** Required work **
Nothing should appear in the answer except the lines from the one with "Snack Thịt Bò Que Cho Chó - Beef Jerky 90g" through the end of the listing below, transcribed exactly and without pictures.

****************

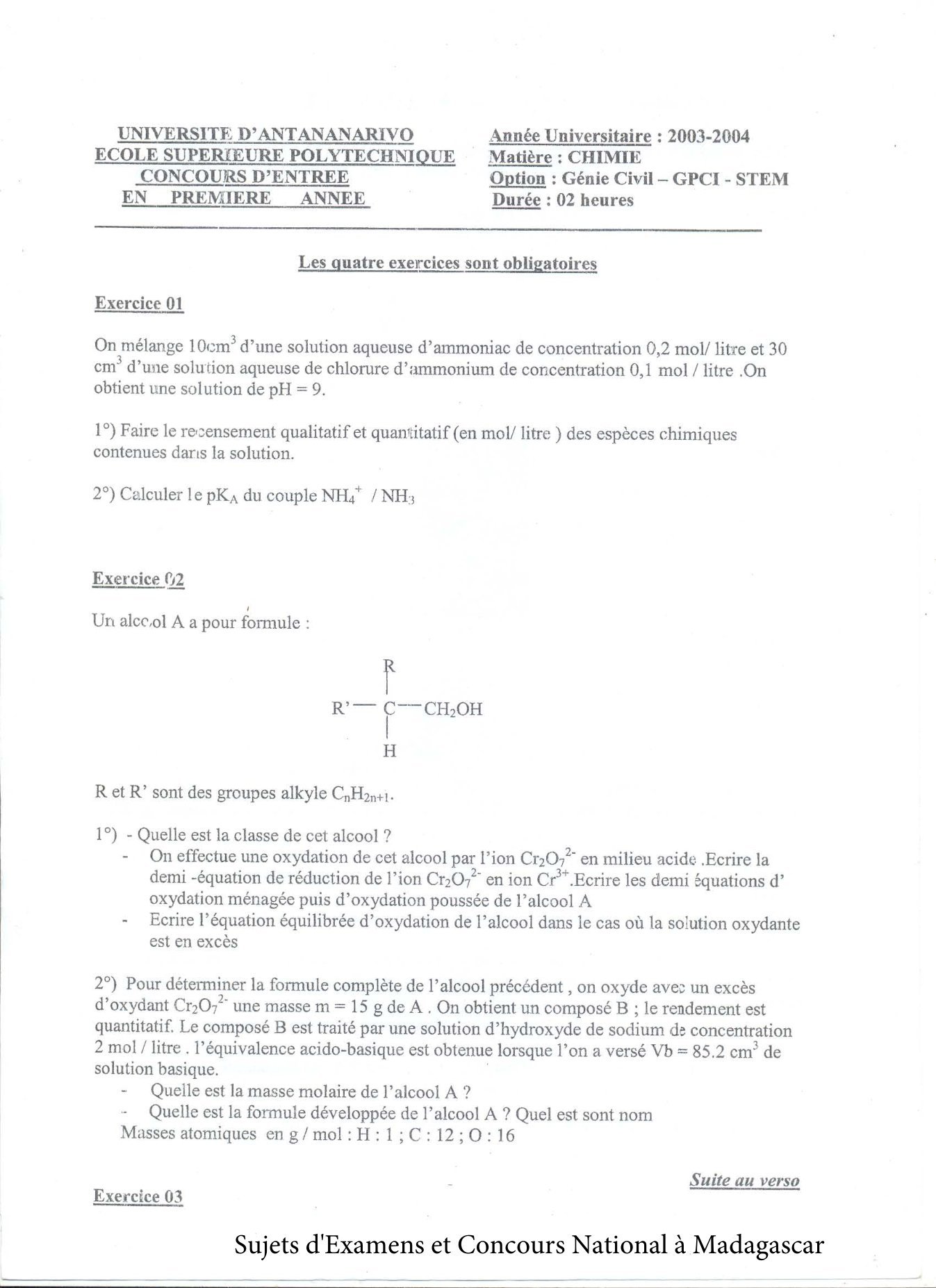 Sujet chimie concours ESPA Polytechnique Antananarivo session 2003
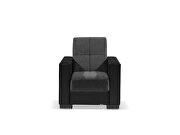 Armada (Asphalt/Black) Gray microfiber / black pu leather chair w/ storage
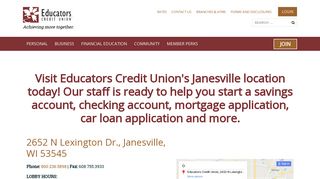 Janesville Branch, WI - Educators Credit Union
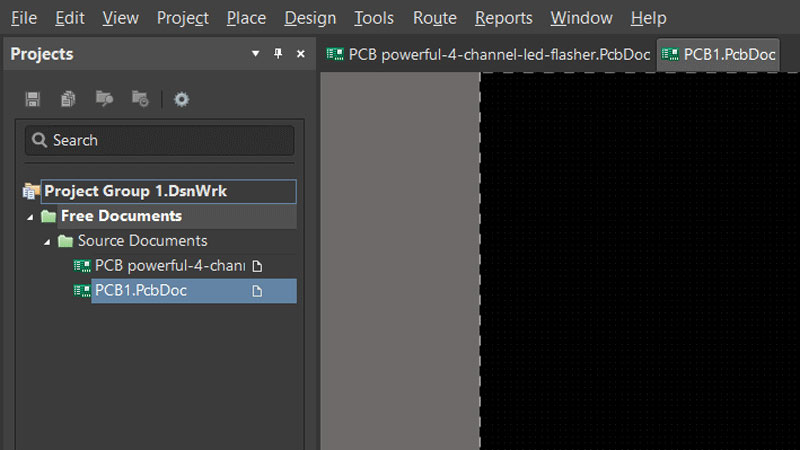 ساخت سند جدید در آلتیوم دیزاینر برای چیدن PCB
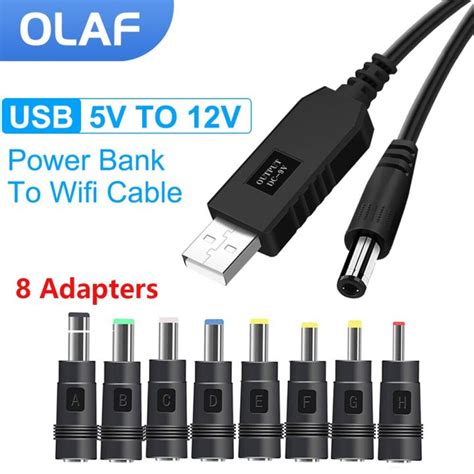 ตัวแปลงบูสต์สายไฟ5v ถึง12v อะแดปเตอร์8ตัว Usb เป็น Dc แจ็คสายชาร์จสำหรับเราเตอร์อินเตอร์เน็ตไร้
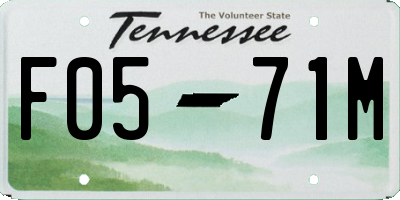 TN license plate F0571M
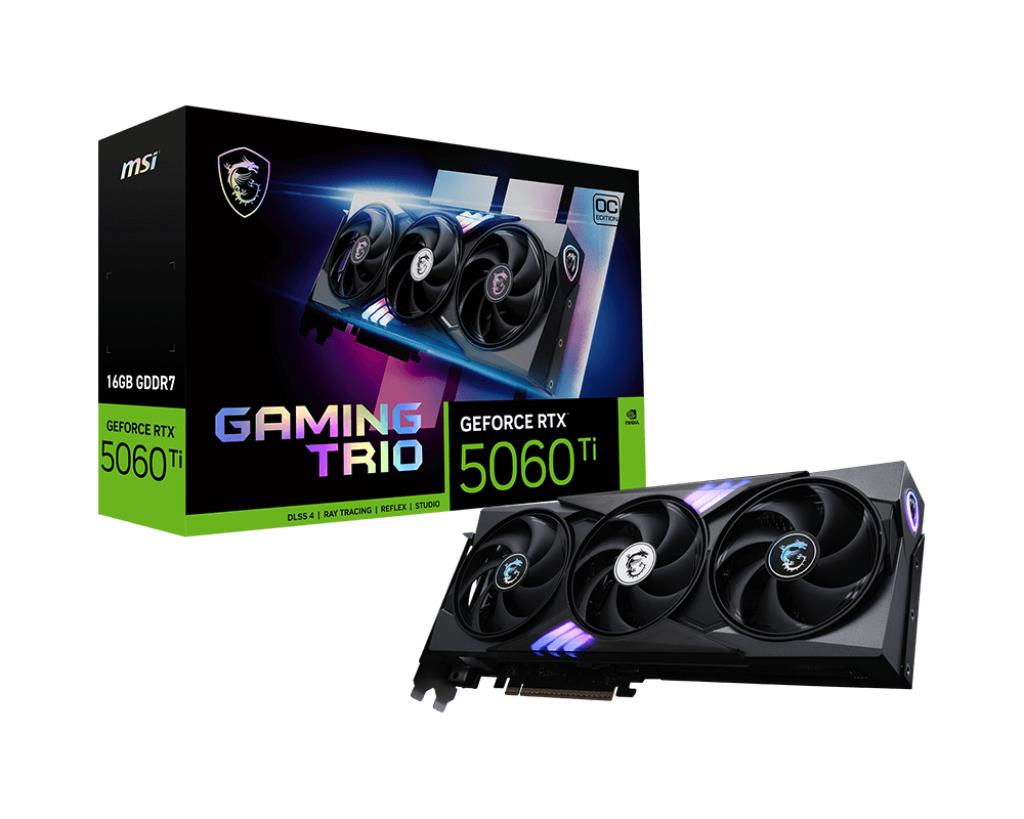 Graphics Card MSI NVIDIA GeForce RTX 5060 Ti 16 GB GDDR7 128 bit PCI Express x16 5.0 Active 5060TI16GGAMINGTRIOOC
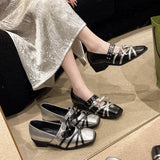 Advbridge 2024 Luxury Women Square Toe Bow Mary Jane Single Shoes Real Genuine Leather Flat Bottom Rivet Belt Buckle Ballet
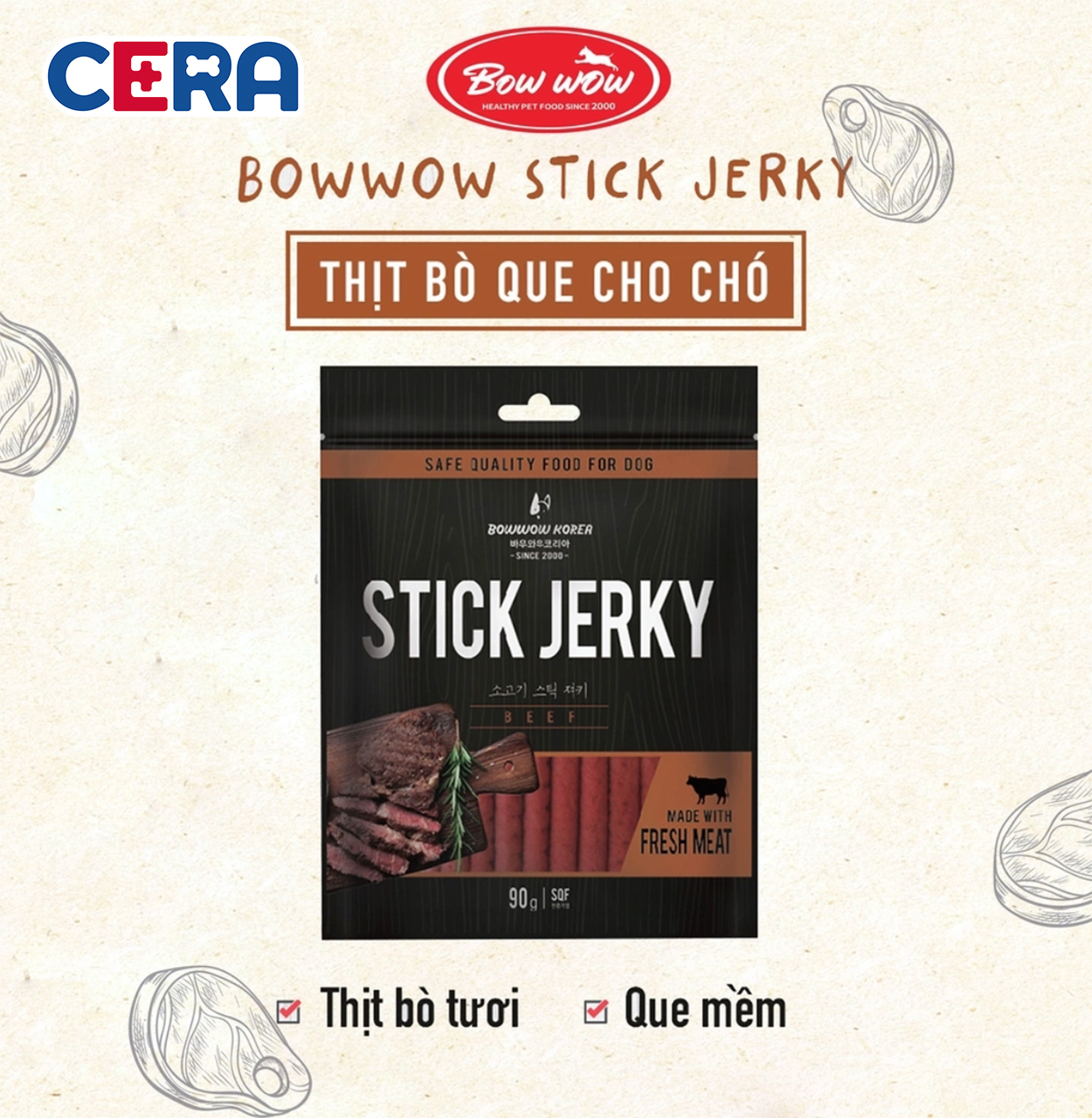 Snack Thịt Bò Que Cho Chó - Beef Jerky 90g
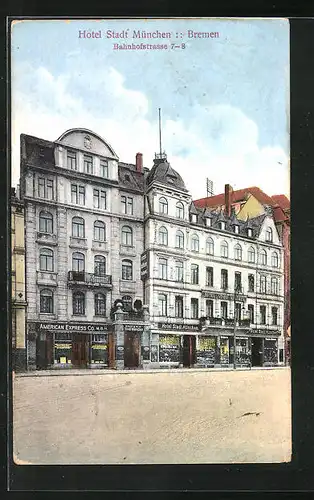 AK Bremen, Hotel Stadt München, Bahnhofstrasse 7-8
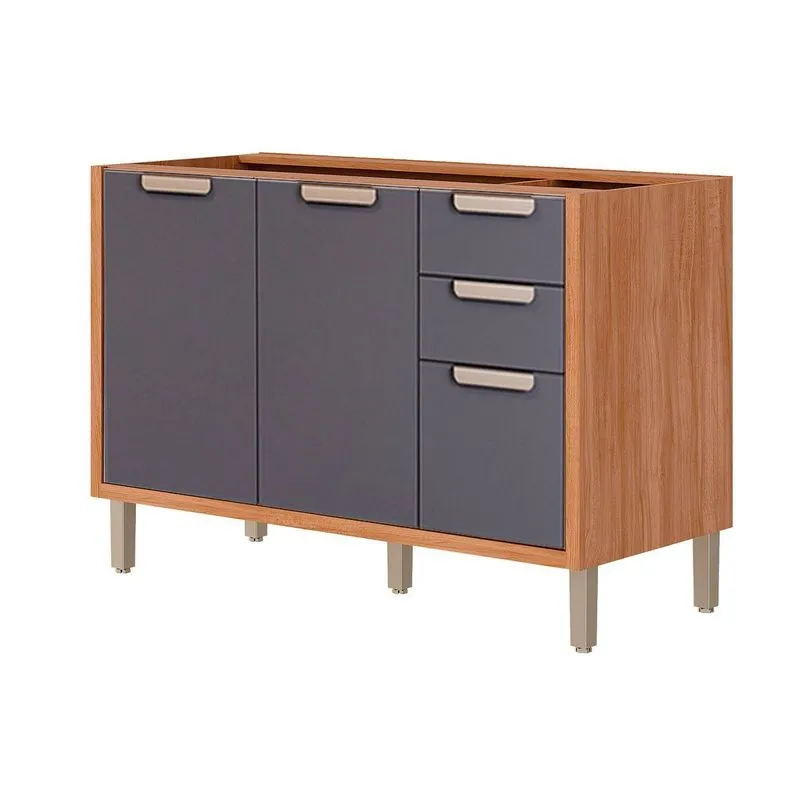Balcão de Cozinha Modulado s/ Tampo Eloise c/ 2 Portas e 3 Gavetas 120cm Cinamomo/Titanium - MGM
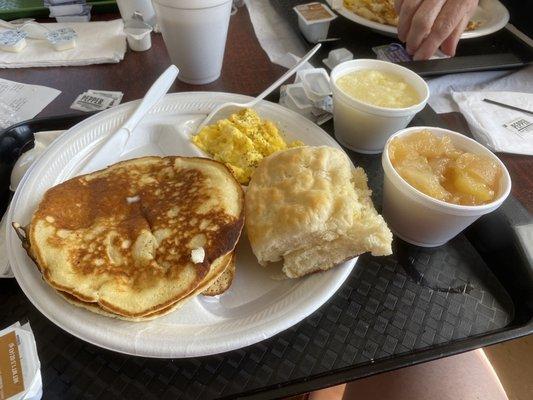 Egg breakfast special and I added two pancakes.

****************

** Exercise response **
 Snack Thịt Bò Que Cho Chó - Beef Jerky 90g
 AK Bremen, Hotel Stadt München, Bahnhofstrasse 7-8
Balcão de Cozinha Modulado s/ Tampo Eloise c/ 2 Portas e 3 Gavetas 120cm Cinamomo/Titanium - MGM
 Egg breakfast special and I added two pancakes.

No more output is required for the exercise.